Jane Arraf:  You know, people have been expecting this for quite awhile.  He's been in ill health.  He has been hospitalized quite a few times -- including treatment in the United States. So, in a sense, the party and Kurdish politics have moved around him and perhaps moved a little beyond him.  There will be a power struggle after he's gone.  His son has moved back to the Kurdish region from the United States.  There are other major players Barahm Saleh, the former Kurdistan prime minister.  None of them have the weight, the power -- "weight" literally and figuratively -- the power and the stature really to take his place.  And what a lot of people believe is that Kurdish politics and his own party  will in essence be transformed and might not even exist for that much longer after he's gone.
Dar Addustour reports that the Grand Ayatollah Ali al-Sistani and his family issued a statement noting that they had been in contact with the office of and family of Iraqi President Jalal Talabani to check on his condition and to convey their sincere concern for Talabani's health and their hope that he have a speedy recovery.  Talabani is a Kurd and the first Kurdish president of Iraq.  Rudaw notes that Kurdistan Regional Government President Massoud Barzani posted the following on his Facebook page, "I am saddened by my dear brother and president Talabani's ill health and I wish him a speedy recovery.  In following President Talabani's condition I am touch with the doctors in Baghdad."   Qassim Abdul-Zahra (AP) quotes Hoshyar Zebari, Iraq's Foreign Minister, stating today, "He is starting to regain his senses. He is able to feel pain, and this is a sign of progress."

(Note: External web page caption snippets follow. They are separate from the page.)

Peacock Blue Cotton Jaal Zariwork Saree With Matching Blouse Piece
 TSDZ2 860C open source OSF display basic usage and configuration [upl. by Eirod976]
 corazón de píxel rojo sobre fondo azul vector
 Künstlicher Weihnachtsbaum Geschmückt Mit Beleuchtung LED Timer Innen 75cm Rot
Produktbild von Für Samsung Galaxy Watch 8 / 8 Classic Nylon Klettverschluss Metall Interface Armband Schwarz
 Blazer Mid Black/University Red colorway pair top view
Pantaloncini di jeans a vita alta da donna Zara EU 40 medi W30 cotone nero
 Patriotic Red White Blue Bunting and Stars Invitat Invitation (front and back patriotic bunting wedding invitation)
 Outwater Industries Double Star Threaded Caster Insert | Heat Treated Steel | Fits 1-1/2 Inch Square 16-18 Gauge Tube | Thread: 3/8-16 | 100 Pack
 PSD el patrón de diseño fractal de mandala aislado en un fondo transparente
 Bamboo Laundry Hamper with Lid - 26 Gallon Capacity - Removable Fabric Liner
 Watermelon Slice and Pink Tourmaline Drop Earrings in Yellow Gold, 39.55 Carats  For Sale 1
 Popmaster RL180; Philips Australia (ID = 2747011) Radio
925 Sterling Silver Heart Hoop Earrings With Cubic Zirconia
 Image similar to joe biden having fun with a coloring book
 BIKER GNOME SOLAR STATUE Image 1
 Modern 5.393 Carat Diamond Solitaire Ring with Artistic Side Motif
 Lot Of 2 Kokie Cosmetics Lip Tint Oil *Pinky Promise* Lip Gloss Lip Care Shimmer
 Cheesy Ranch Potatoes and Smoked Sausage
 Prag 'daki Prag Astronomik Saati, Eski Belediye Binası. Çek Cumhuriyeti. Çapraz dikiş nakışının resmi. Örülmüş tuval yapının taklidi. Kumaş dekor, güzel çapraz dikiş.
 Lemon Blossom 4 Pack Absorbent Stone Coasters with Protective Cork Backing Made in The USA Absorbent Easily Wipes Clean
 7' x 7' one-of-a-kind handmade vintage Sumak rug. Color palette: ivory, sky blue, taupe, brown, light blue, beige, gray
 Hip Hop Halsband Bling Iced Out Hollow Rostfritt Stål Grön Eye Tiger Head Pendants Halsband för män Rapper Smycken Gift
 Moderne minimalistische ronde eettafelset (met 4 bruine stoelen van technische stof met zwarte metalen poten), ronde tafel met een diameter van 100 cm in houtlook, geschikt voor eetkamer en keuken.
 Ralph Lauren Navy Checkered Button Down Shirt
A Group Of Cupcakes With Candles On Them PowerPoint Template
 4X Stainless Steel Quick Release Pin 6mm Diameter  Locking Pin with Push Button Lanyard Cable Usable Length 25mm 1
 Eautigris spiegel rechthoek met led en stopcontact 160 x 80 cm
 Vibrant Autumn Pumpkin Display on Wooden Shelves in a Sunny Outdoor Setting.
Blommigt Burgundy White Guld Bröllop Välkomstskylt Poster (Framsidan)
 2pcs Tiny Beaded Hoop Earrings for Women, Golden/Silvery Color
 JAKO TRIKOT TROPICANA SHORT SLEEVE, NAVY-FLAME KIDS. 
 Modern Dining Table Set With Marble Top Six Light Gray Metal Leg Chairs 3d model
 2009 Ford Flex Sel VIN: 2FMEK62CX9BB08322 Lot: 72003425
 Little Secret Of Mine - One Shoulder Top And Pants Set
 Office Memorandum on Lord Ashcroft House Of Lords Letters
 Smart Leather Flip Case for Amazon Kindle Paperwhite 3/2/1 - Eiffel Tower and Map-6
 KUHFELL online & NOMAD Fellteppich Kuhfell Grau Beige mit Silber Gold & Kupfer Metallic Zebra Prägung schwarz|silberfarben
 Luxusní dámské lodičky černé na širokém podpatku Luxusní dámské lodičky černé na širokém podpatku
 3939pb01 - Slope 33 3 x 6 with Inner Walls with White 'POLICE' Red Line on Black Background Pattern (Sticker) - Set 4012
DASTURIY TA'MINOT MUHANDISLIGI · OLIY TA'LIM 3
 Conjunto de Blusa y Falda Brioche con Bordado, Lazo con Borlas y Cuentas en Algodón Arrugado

Talabani went to Baghdad's Medical Center Hospital Monday evening.  His office has used vague terms like "health condition."  Others, including the office of Prime Minister Nouri al-Maliki, have stated Talabani had a stroke.  He was being treated yesterday by a team of Iraq, British and German doctors. Deutsche Welle points out, "Questions remain about just how ill the 79-year-old is, although doctors say he has shown signs of improvement." Jaber Ali (Middle East Confidential) observes, "His departure adds however an element of uncertainty to the division that Iraq has been facing since the departure of the US army. In addition people are more worried because some officials have been suggesting that his condition might be more serious on a private note."  People wonder because there's a pattern of disguising Talabani's health.  As Ashley Fantz, Mohammed Tawfeeq and Hamdi Alkhshali (CNN) point out, "In February 2007, he fell ill and was flown to Jordan for treatment, and there were conflicting reports about what prompted his hospitalization. A hospital source told CNN at the time that doctors performed a catheterization procedure on his heart, but his family and aides denied that."
As Jane Arraf noted on PRI's The World, there is a strong chance of a power struggle should it become necessary to replace Talabani as president.  Patrick Markey and Raheem Salman (Reuters) go over this potential terrian:

Under the constitution, parliament elects a new president and a vice president takes over in the interim. The power-sharing deal calls for the presidency to go to a Kurd while two vice president posts are shared by a Sunni and a Shi'ite.
But even that temporary step is complicated. Iraq's Sunni vice president, Tareq al-Hashemi, is a fugitive outside of the country after he fled to escape charges he ran death squads.
The other vice president is Khudair al-Khuzaie, who is seen by some as a hardline Shi'ite from Maliki's alliance.
Among Kurds, analysts said former Kurdistan Prime Minister Barham Salih is favoured as a leader with ties across Iraq's sectarian divide. But there could also be a struggle within Iraqi Kurdistan, where Talabani's Patriotic Union of Kurdistan party shares power with the Kurdistan Democratic Party.
Behind the scenes, some senior Sunni political leaders have suggested they may present their own candidate for the presidency in a challenge to the Kurds, who some Arab leaders see as more loyal to Kurdish interests than Baghdad.
Sunni political sources said those names include Sunni Vice Premier Saleh al-Mutlaq and Finance Minister Rafie al-Esawi.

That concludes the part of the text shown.